それが7万円台のビデオカードとして購入できると考えれば、買いと言える製品とは思うが、現在流通しているゲームをプレイする場合、Radeon系はそれに特化した製品でないかぎりは概ねNVIDIA系よりもベンチマークは下回る傾向にある。
そう考えると、NVIDIA製より高性能であっても、性能がスポイルされて結果NVIDIA製と互角になる…と考えるべきであり、その結果で考えれば、ワットパフォーマンスはNVIDIA製に劣る事になる。
なので純粋に性能志向でビデオカードを判断するなら、私は現時点においてもNVIDIA製を選ぶべきと思う。
だが、私の様にRadeon系でないとできない事、つまり動画のフレームレート補完機能などを求めようとすれば、自ずとRadeon系を選ぶしかなくなる。なのでそちらを主体に考えるならは、今回のVega64は実に「買い」と言える製品ではないかと思っている。

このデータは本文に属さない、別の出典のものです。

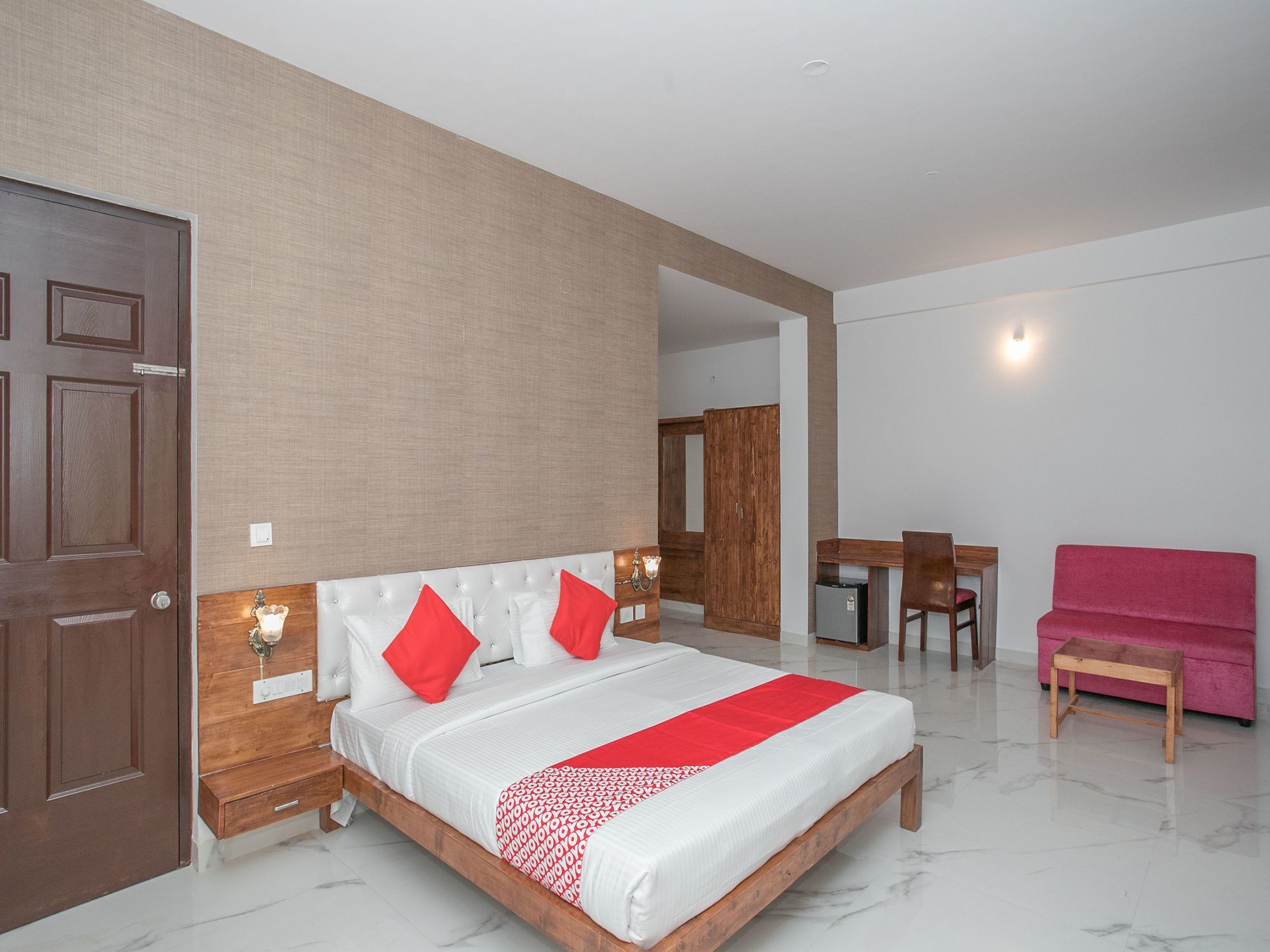 Oyo 12045 Dollars Nest Hotel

もちろん、実際のゲームベンチマークを見てみない事には最終判断はできないのだが、恐らくは不利な状況下であっても互角勝負をしてくる性能は持っているのではないかと思う。
Radeon系に突貫するしかない人にとっては福音となるGPUではなかろうか。
問題は流通
だが、私が一番心配なのは、入手性である。
というのは、ここ最近Radeon RX580が現行品でありながら、店頭に並ばないという状況にあったりするからだ。
理由は単純で仮想通貨のマイニングをしている集団が製品を完全にまとめ買いしてしまっていて、一般に製品が下りてこないという状況だからである。
世界的にはもう企業が仮想通貨のマイニングをしていたりする状況で、電気料金の安い中国では、ビル一棟をまるまるマイニング工場にしてしまい、そこで大量のビデオカードでひたすら演算しまくるという事業を行っているところもある。とある企業だと航空機をまるまる一機チャーターし、それにビデオカードを満載して買い付ける…なんて事もあるらしい。
おそらくVegaに関しても同様に製品をまとめて押さえてくる可能性はあり、本来欲しいと思っている人たちに下りてこない…なんて事も考えられる。
だから、私などが欲しいと思った時に商品が手に入らないなんて事は、簡単に起きてしまう。メーカーの意図とは異なるだろうが、最近のRadeon系の入手難を考えれば、あり得ない話とは言えないのである。
とりあえず、発表されたVegaだが、私としては良い製品が出てきたな、と思っている。
メインPCの構成品として考えたい一品だと思うし、検討していきたいと思う。
あとは実販売価格がどうなるか、といったところだろうか…。